How much metadata space is needed for all tables/applications?
- Object Level
  - Up to 2^43 objects, size (4 bytes?), permissions or appid, tableid if not in address (4 bytes)
  - (2^43)*8 = 64 TB fully loaded (6.25% of capacity), not including the index size
How does metadata replication occur and what is the frequency?
- On writes for object metadata
- Shard Mappings
  - Lazily
  - Not sufficient when a client discovers a host is down
    - must update mappings in the new replicas at least very quickly
  - May additionally want leases or heartbeat or something similar as in MapReduce to ensure enough copies of shards are maintained on failure even if the data is cold

Approaches

addr mod servers

+ Balanced storage
- Statistically, if keys are random
- Need other protections if keys are not random (e.g. user can control placement)
- Requires exact same amount of storage in all machines statistically
- Adding/removing machines
- Requires all objects to move, or for cluster to only double in size each time

Mapping/Address Space Partitioning

+ Adding/removing easier
- Layer of indirection shard -> host
- Requires reverse lookup addr -> shard, requires a range search

RAMCloud Address -> Metadata as quickly as possible (e.g. with as few requests and as little processing as possible) where metadata includes physical address, size, and permissions at least.

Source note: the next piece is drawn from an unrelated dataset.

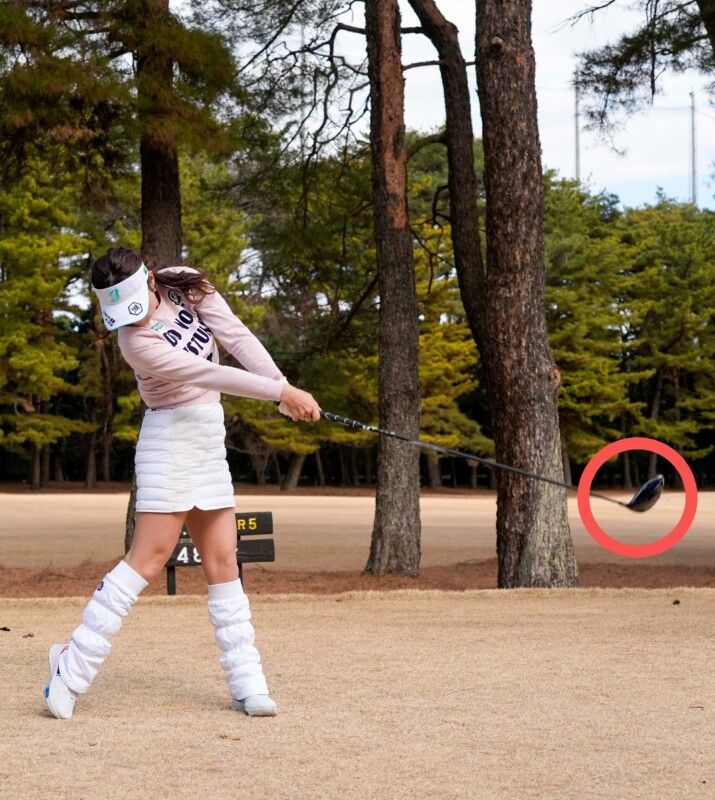 鶴岡果恋のスイングをチェック！見るべきポイントは「フェース向き」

Ideal: 0 network messages and O(1) address to host mapping time with high probability

Implies all clients are aware of mapping.

Possibly only update mapping on lookup failures. Requests to incorrect host reply with mapping correction. Except replicas must be notified quickly of failures.

Complication: access-control requires highly-consistent mapping replication if control is on addresses (e.g. the application/table is part of the structured address). Otherwise, missing entry causes denial, extra entry allows access after revocation.

Objects (likely as whole shards) may need to relocate due failures, load, or capacity.

Fixed Number of Objects per Shard

+ O(1) lookup
- Just keep a table, shift the address to get the shard number, then lookup host by shard id
- Table is too large initally or too small eventually

Assuming 64 bit addrs, 32 bit host addrs, 4 replicas (e.g. 128-bits stored per shard entry)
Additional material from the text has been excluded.